Whoever lives here apparently collects road signs.
This part of Kenilworth was fascinating - these homes all face the highway, but there's no parking allowed here. Parking is all along a minor road in the back.

As we head down Kenilworth Road, we get a great view of upper Castle Country with the snow-capped Wasatch Plateau rising in the background.

This is actually one of my favorite views on the entire Utah state highway system, believe it or not.

Like a handful of other roads in this area, this is an underrated route that was actually really fun to drive.

It doesn't last long, though - soon enough we're back in Spring Glen.

After passing under the railroad, Kenilworth Road will end at Spring Glen Road. SR 157 turns right, and SR 139 begins to the left. But there's no signage for any of that...not even reassurance shields after the turns! 

I couldn't find a date on this culvert, but it looks to be quite old and very likely dates back to when this was US 50

As we head north we get a great view of the Book Cliffs.

Entering Helper. This is a typical older UDOT sign and is one of the few clues that what we're on is in fact a state highway

After making a completely unsigned left turn onto Poplar Street, SR 157 crosses the Price River and reaches its modern terminus at US 6/191.

Business US 6

US 6 Business begins at exit 232 and heads south into Helper on Main Street, the old US 6 alignment. Naturally, no reassurance shield.

Apparently Helper is now a family town or something. Lame.

I didn't realize Piggly Wiggly was ever out west, but if this building is any indication...

Oh hey, signs! This is actually a bit inaccurate - SR 157 now also goes to the right here, and there should be either a TO or BUSINESS banner on top of the US shields. But signage is so hard to come by in this area that I'm absolutely not complaining. These signs might actually date back to the 1980s based on the older beehive, which would make them cool in their own right.
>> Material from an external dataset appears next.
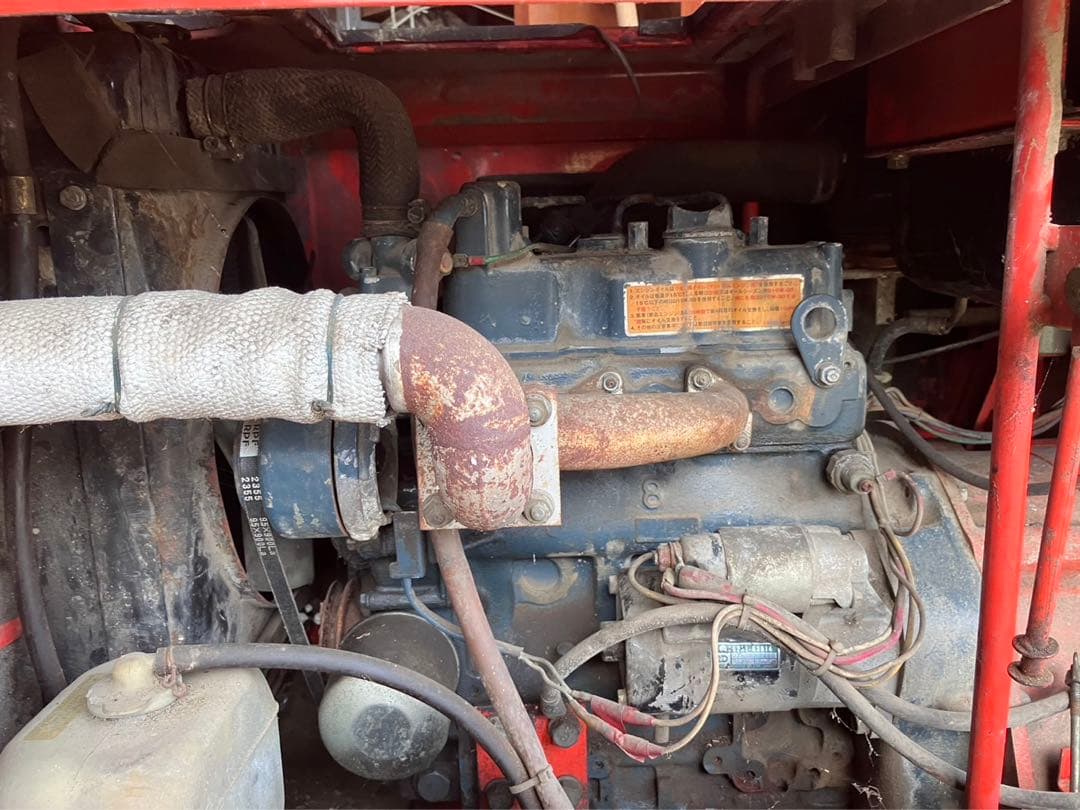 デンヨー 溶接機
Business 6 makes that right turn for a brief concurrency with SR 157 before returning to US 6/191.

If you're heading east on Poplar, you get these signs at the junction with Main Street. This is the only reference to a Business 191 at all, and is also the only Business 6 sign on the route itself. Although there are multiple signed references to Business 6, they are all on the mainline.